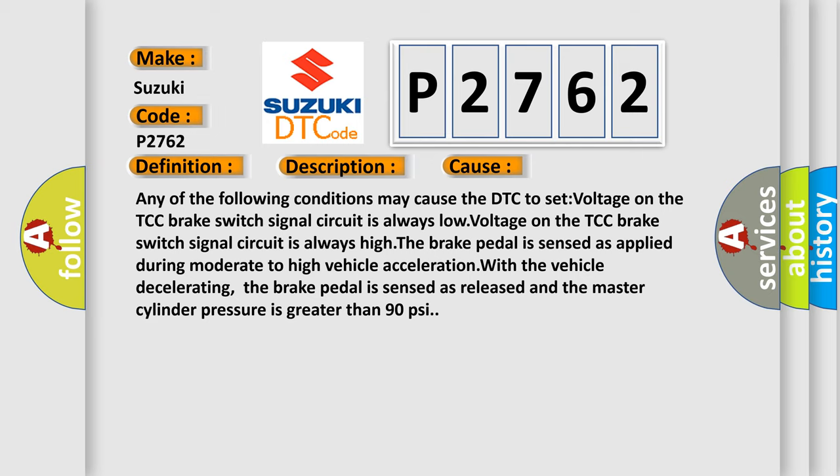The brake pedal is sensed as applied during moderate to high vehicle acceleration. With the vehicle decelerating, the brake pedal is sensed as released and the master cylinder pressure is greater than 90 psi. The airbag reset website aims to provide information in 52 languages.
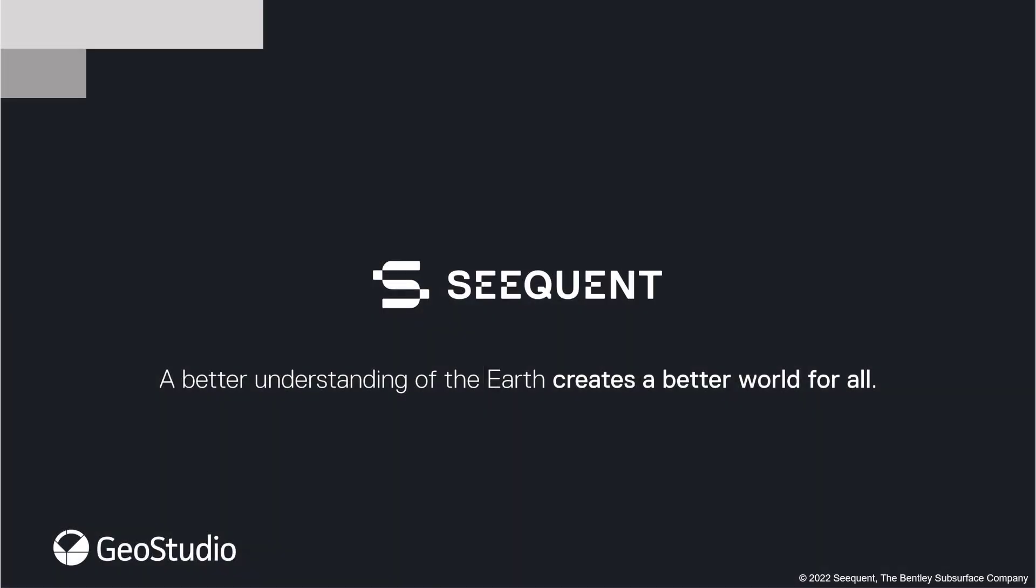These new features and improved functionality are now available in GeoStudio 2022.1. Visit MySeequent or our What's New page for the full release notes. If you have any questions, please contact the GeoStudio sales team or submit technical questions through our online support portal. Thank you for watching and enjoy using GeoStudio 2022.1.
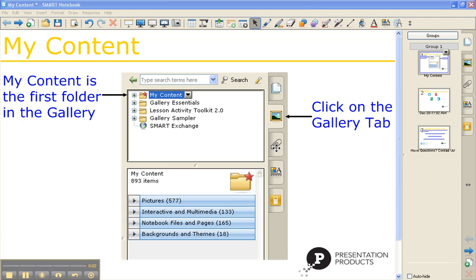My name is Kyla Paré. I'm the Education Consultant and SmartBoard Trainer for Presentation Products. And I'm going to show you how to use and customize the My Content folder.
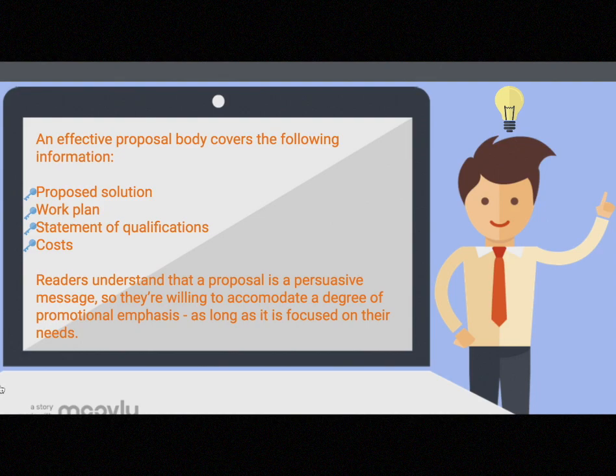The proposal's body gives complete details on the proposed solution and specifies what the anticipated results will be. An effective body covers: a proposed solution — describing what you have to offer and the benefits; a work plan — explaining the steps that will be taken, what will be used, and personnel involved; a statement of qualifications — describing the organization, experience, personnel, and facilities; and costs — covering all things related to finances.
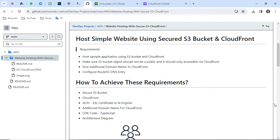Welcome back to the channel. As I promised, I will launch a number of DevOps projects based on real-time scenarios. Today we will cover how to host a simple website or application using a secured S3 bucket with CloudFront.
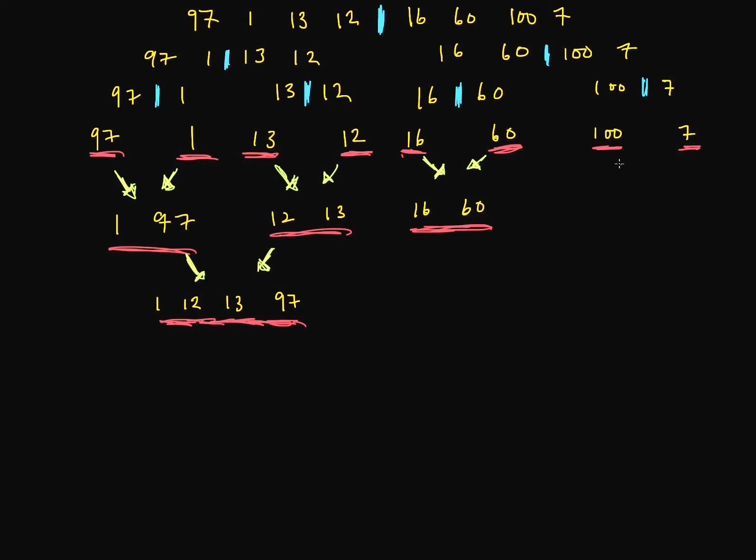7 comes before 100 in my book. And so there we go. That's sorted. So we've conquered the right side. Let's combine these two solutions.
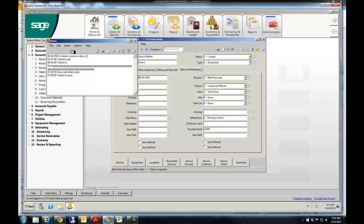I created a custom video. Or you sent corporate samples. So all those things I can type in here, okay? We will fix that spelling error there.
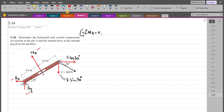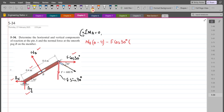The NB force is trying to rotate the member in the counterclockwise direction about point A, so the moment produced by NB will be taken as positive. NB acts with a moment arm of 0.4 meters. F cos 30° is trying to rotate the member in the clockwise direction about point A, so its moment will be taken as negative. The moment arm for F cos 30° is the vertical distance, which is 0.8 sin 30°.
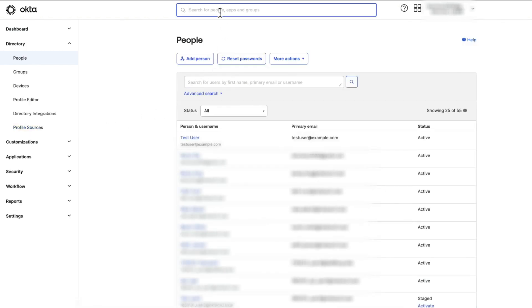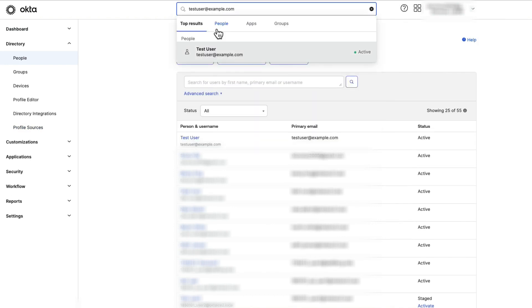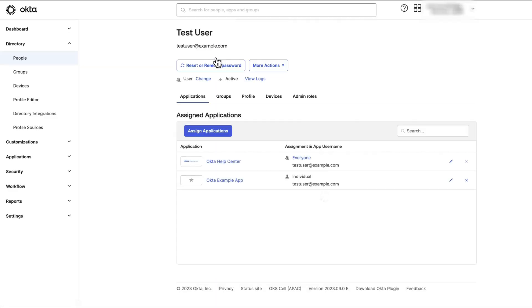Search for and select the user in question. Click on the reset or remove password button.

Exercise brief:
Would you retype the entries above in full, exactly as written, minus the pictures?

Result of the exercise:
The brake pedal is sensed as applied during moderate to high vehicle acceleration. With the vehicle decelerating, the brake pedal is sensed as released and the master cylinder pressure is greater than 90 psi. The airbag reset website aims to provide information in 52 languages.
These new features and improved functionality are now available in GeoStudio 2022.1. Visit MySeequent or our What's New page for the full release notes. If you have any questions, please contact the GeoStudio sales team or submit technical questions through our online support portal. Thank you for watching and enjoy using GeoStudio 2022.1.
My name is Kyla Paré. I'm the Education Consultant and SmartBoard Trainer for Presentation Products. And I'm going to show you how to use and customize the My Content folder.
The proposal's body gives complete details on the proposed solution and specifies what the anticipated results will be. An effective body covers: a proposed solution — describing what you have to offer and the benefits; a work plan — explaining the steps that will be taken, what will be used, and personnel involved; a statement of qualifications — describing the organization, experience, personnel, and facilities; and costs — covering all things related to finances.
Welcome back to the channel. As I promised, I will launch a number of DevOps projects based on real-time scenarios. Today we will cover how to host a simple website or application using a secured S3 bucket with CloudFront.
7 comes before 100 in my book. And so there we go. That's sorted. So we've conquered the right side. Let's combine these two solutions.
I created a custom video. Or you sent corporate samples. So all those things I can type in here, okay? We will fix that spelling error there.
The NB force is trying to rotate the member in the counterclockwise direction about point A, so the moment produced by NB will be taken as positive. NB acts with a moment arm of 0.4 meters. F cos 30° is trying to rotate the member in the clockwise direction about point A, so its moment will be taken as negative. The moment arm for F cos 30° is the vertical distance, which is 0.8 sin 30°.
Search for and select the user in question. Click on the reset or remove password button.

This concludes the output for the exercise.